This is what I have in mind at the moment. There can be a change in a system's entropy during either a reversible process or an irreversible process. For example, when two bodies simply reach equilibrium tempreature, the process is irreversible. Yet, for the initially hotter body, it has lost entropy. Conversely, if a heat engine were to run at 100% efficiency, enough heat would be converted to work so that there would be no total increase in entropy. During this reversible process, however, the cooler reservoir has gained entropy, albeit by the same amount that the hotter reservoir has lost. We may recover the initial condition by using work, perhaps stored in a flywheel, to re-cool the cooler reservoir and re-heat the hotter reservoir. The question is whether ${\displaystyle \delta S}$ is equal to ${\displaystyle \delta Q/T}$.

Going back to the experiments you mentioned, we can run them either on an isolated system or on a system interacting with a surrounding. Let's consider scenario (A) for isolated systems first. There is no 'outside', so the system is everything that we have. ${\displaystyle \delta Q=0}$ always; therefore, ${\displaystyle \delta Q/T=0}$. If the initial and final states have the same entropy, then the process must be reversible, thus ${\displaystyle \delta S=\delta Q/T=0}$. Otherwise, if the initial and final states were different in entropy, then there can be no reversible process connecting the two. In fact, as far as we know, the total entropy can only increase. Therefore, it seems that ${\displaystyle \delta S>\delta Q/T=0}$. However, for the entropy of an isolated system to increase, the temperature may be undefined before equilibrium is reached, so what ${\displaystyle \delta Q/T}$ exactly means is debatable. For now, what we can say is that in an isolated system, defining ${\displaystyle \delta S}$ as ${\displaystyle \delta Q/T}$ may be invalid for irreversible processes, but such a definition may be possible for reversible processes.

Now, consider scenario (B) for non-isolated systems. First, (1) let's assume that the system does not generate any entropy by itself; that is, any change in its entropy must result from exchanging heat with the surrounding. Say we know what ${\displaystyle \delta S}$ is, but do we know what ${\displaystyle \delta Q/T}$ is? I'm not sure, not even for the reversible process. Of course, we can always define ${\displaystyle \delta S}$ to be ${\displaystyle \delta Q/T}$ for the reversible process. But what about the irreversible processes? What if work were done to or by the system during the process (without affecting the initial and final states), varying its temperature in addition to whatever effect the flow of heat is having? What if the process were cyclic, ${\displaystyle \Delta S=0}$, for the system at least?
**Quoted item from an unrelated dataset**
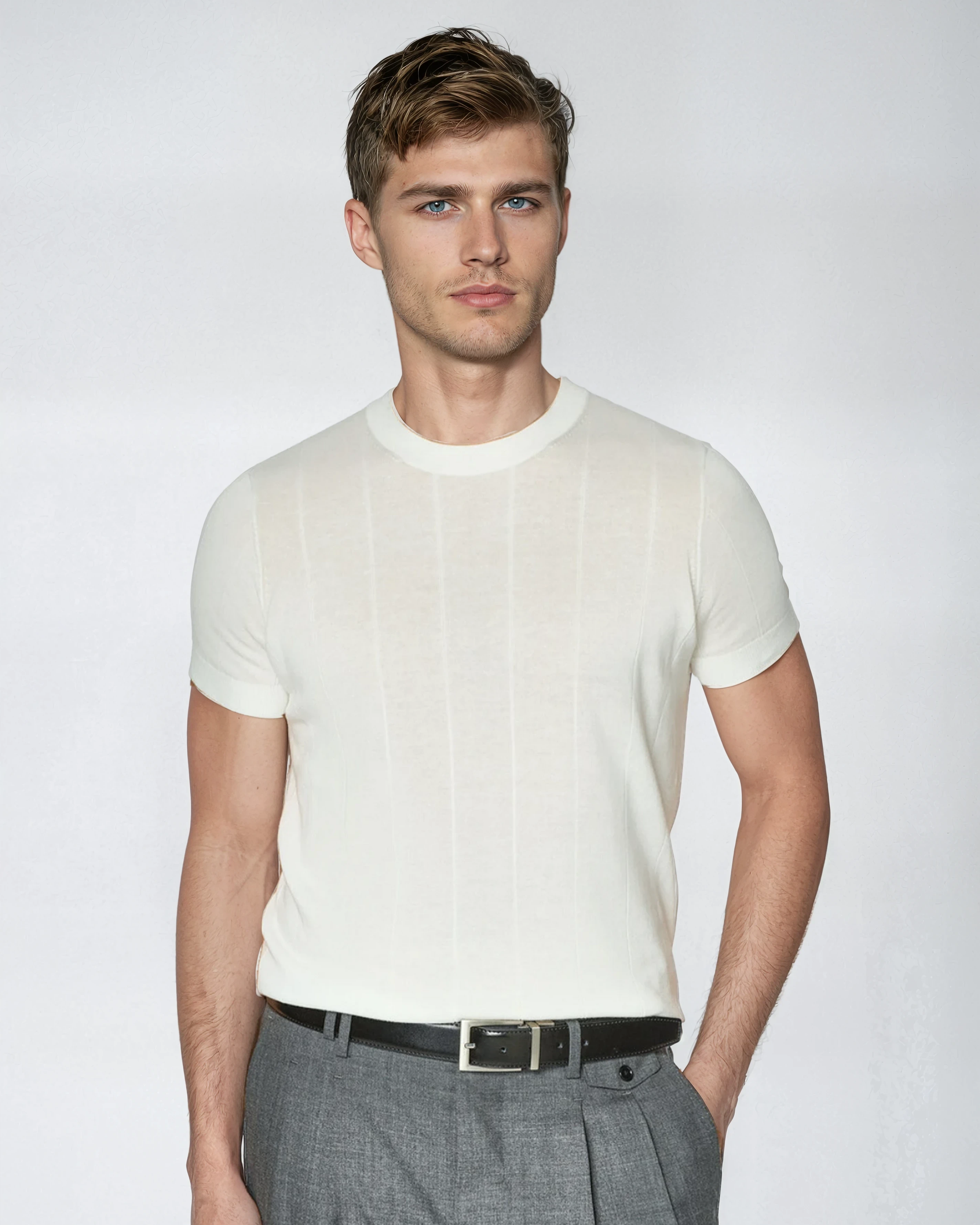 Ethan | Stylish Ribbed Mens T Shirt 0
In any case, there doesn't seem to be any constraints on how ${\displaystyle \delta S}$ must be defined macroscopically.

(2) If the system itself were to generate additional entropy, then does that mean all processes would be considered irreversible? If the process were cyclic, then certainly entropy must be extracted from the system/gained by the surrounding. But again, would ${\displaystyle \delta S}$ be equal to ${\displaystyle \delta Q/T}$? It seems that without additional arguments, for a non-isolated system, ${\displaystyle \delta S}$ can be defined as ${\displaystyle \delta Q/T}$ either for reversible processes exclusively or regardless of a process's reversibility. D4nn0v (talk) 09:05, 2 December 2017 (UTC)[reply]

Thanks for this comprehensive argument. It is persuasive. I will think about it for a while but I’m sure I will agree with you. Dolphin (t) 20:19, 2 December 2017 (UTC)[reply]

In :${\displaystyle \oint {\frac {\delta Q}{T}}\leq 0,}$ what does the :${\displaystyle \oint }$ refer to? please explain what we are integrating over sorry if this question would be better on stack exchange. — Preceding unsigned comment added by 70.64.25.205 (talk) 18:34, 22 December 2017 (UTC)[reply]

It's integrated over the inexact differential heat term ${\displaystyle \delta Q}$. Is this what you meant to ask about? D4nn0v (talk) 05:04, 27 December 2017 (UTC)[reply]

I think a more accurate answer would be: we are integrating an inexact form over some closed path in the thermodynamic states space Kelvynwelsch (talk) 19:25, 11 May 2021 (UTC)[reply]

This article reads like a textbook, not like an encyclopedia, especially because of the use of "we" and "our". Please see Wikipedia:What_Wikipedia_is_not#Wikipedia_is_not_a_manual,_guidebook,_textbook,_or_scientific_journal.

Ira

Ira Leviton (talk) 01:39, 16 August 2020 (UTC)[reply]